A Gentle Introduction to Statistical Data Distributions

Author: Jason Brownlee

A sample of data will form a distribution, and by far the most well-known distribution is the Gaussian distribution, often called the Normal distribution.

The distribution provides a parameterized mathematical function that can be used to calculate the probability for any individual observation from the sample space. This distribution describes the grouping or the density of the observations, called the probability density function. We can also calculate the likelihood of an observation having a value equal to or lesser than a given value. A summary of these relationships between observations is called a cumulative density function.

In this tutorial, you will discover the Gaussian and related distribution functions and how to calculate probability and cumulative density functions for each.

After completing this tutorial, you will know:

A gentle introduction to standard distributions to summarize the relationship of observations.
How to calculate and plot probability and density functions for the Gaussian distribution.
The Student t and Chi-squared distributions related to the Gaussian distribution.

Let’s get started.

A Gentle Introduction to Statistical Data Distributions
Photo by Ed Dunens, some rights reserved.

Tutorial Overview

This tutorial is divided into 4 parts; they are:

Distributions
Gaussian Distribution
Student’s t-Distribution
Chi-Squared Distribution

Need help with Statistics for Machine Learning?

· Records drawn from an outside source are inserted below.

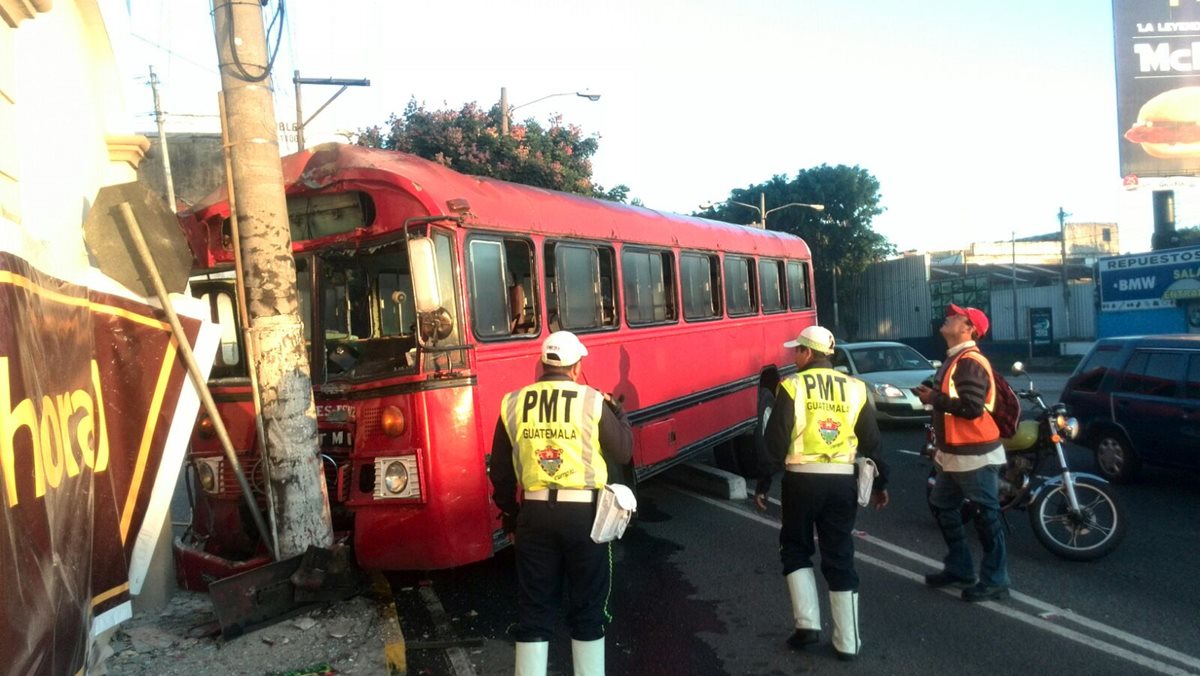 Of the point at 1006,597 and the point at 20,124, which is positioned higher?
the point at 20,124

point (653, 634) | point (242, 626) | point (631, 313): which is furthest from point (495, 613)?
point (631, 313)

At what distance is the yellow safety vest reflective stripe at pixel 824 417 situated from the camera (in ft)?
16.7

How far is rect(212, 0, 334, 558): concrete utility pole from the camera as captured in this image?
5.50 meters

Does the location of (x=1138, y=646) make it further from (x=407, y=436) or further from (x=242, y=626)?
(x=242, y=626)

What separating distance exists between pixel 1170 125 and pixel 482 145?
71.0 feet

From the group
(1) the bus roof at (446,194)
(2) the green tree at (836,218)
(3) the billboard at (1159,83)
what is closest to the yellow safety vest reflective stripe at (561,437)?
(1) the bus roof at (446,194)

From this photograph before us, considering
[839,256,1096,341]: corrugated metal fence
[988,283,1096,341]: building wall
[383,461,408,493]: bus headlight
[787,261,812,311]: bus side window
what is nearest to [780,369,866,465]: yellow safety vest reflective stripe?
[383,461,408,493]: bus headlight

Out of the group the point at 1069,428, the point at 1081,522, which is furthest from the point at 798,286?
the point at 1081,522

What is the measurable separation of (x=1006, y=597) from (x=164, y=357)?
5.30 meters

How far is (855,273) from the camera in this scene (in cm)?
4472

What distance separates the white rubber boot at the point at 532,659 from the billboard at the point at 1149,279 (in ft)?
83.0

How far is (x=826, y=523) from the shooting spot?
5105 millimetres

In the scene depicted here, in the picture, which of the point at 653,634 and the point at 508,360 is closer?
the point at 653,634

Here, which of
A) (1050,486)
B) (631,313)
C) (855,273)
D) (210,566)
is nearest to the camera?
(210,566) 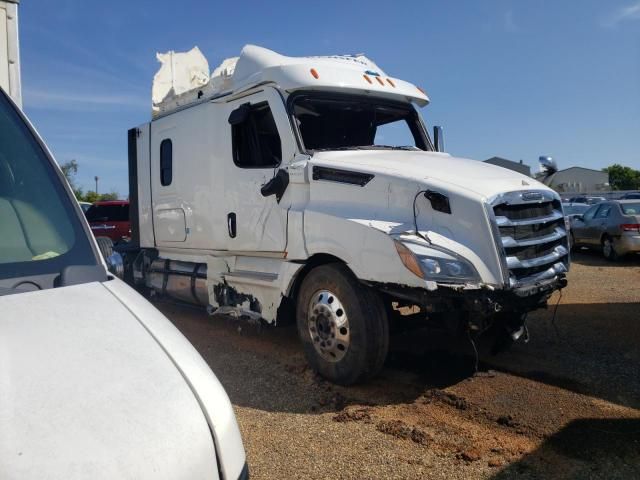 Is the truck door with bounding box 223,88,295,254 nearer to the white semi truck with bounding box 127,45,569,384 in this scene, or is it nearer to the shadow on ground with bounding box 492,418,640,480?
the white semi truck with bounding box 127,45,569,384

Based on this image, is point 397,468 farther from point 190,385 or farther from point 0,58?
point 0,58

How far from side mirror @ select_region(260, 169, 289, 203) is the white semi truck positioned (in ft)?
0.04

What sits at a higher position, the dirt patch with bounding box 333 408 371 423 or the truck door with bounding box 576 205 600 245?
the truck door with bounding box 576 205 600 245

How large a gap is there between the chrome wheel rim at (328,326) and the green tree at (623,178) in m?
69.8

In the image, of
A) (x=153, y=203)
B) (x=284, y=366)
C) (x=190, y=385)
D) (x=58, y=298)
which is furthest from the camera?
(x=153, y=203)

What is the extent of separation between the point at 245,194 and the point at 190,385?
14.2 ft

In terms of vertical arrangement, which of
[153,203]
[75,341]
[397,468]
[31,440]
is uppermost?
[153,203]

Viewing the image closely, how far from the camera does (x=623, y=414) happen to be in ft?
13.6

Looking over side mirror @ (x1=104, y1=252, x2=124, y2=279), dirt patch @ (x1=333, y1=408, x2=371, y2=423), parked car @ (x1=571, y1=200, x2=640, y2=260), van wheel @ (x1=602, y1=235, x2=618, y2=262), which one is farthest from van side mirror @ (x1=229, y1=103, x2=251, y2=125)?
van wheel @ (x1=602, y1=235, x2=618, y2=262)

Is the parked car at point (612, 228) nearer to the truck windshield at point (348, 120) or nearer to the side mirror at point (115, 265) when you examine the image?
the truck windshield at point (348, 120)

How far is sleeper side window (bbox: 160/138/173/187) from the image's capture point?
725 centimetres

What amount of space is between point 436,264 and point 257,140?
2700 mm

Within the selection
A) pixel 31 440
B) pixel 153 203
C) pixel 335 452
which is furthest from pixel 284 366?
pixel 31 440

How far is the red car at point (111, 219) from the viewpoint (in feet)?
48.2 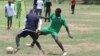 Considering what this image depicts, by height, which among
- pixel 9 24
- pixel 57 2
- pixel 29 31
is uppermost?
pixel 29 31

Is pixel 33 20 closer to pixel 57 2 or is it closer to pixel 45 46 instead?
pixel 45 46

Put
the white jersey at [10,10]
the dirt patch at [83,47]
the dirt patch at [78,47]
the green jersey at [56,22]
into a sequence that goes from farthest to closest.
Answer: the white jersey at [10,10]
the dirt patch at [83,47]
the dirt patch at [78,47]
the green jersey at [56,22]

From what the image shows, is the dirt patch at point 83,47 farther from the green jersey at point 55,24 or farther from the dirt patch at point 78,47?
the green jersey at point 55,24

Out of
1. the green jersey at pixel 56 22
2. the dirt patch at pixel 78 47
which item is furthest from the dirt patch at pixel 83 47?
the green jersey at pixel 56 22

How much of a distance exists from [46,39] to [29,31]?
530cm

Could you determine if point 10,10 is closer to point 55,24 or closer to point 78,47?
point 78,47

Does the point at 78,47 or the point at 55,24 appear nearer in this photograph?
the point at 55,24

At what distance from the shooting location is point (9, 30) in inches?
915

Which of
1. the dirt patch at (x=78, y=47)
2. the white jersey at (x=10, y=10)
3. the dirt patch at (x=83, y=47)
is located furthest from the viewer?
the white jersey at (x=10, y=10)

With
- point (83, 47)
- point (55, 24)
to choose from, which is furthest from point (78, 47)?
point (55, 24)

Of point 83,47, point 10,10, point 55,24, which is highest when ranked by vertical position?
point 55,24

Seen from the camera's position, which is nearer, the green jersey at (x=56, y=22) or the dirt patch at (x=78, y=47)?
the green jersey at (x=56, y=22)

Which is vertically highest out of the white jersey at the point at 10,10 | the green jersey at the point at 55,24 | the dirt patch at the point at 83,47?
the green jersey at the point at 55,24

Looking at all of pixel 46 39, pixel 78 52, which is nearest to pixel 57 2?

Take my free 7-day email crash course now (with sample code).

Click to sign-up and also get a free PDF Ebook version of the course.

Download Your FREE Mini-Course

Distributions

From a practical perspective, we can think of a distribution as a function that describes the relationship between observations in a sample space.

For example, we may be interested in the age of humans, with individual ages representing observations in the domain, and ages 0 to 125 the extent of the sample space. The distribution is a mathematical function that describes the relationship of observations of different heights.

A distribution is simply a collection of data, or scores, on a variable. Usually, these scores are arranged in order from smallest to largest and then they can be presented graphically.

— Page 6, Statistics in Plain English, Third Edition, 2010.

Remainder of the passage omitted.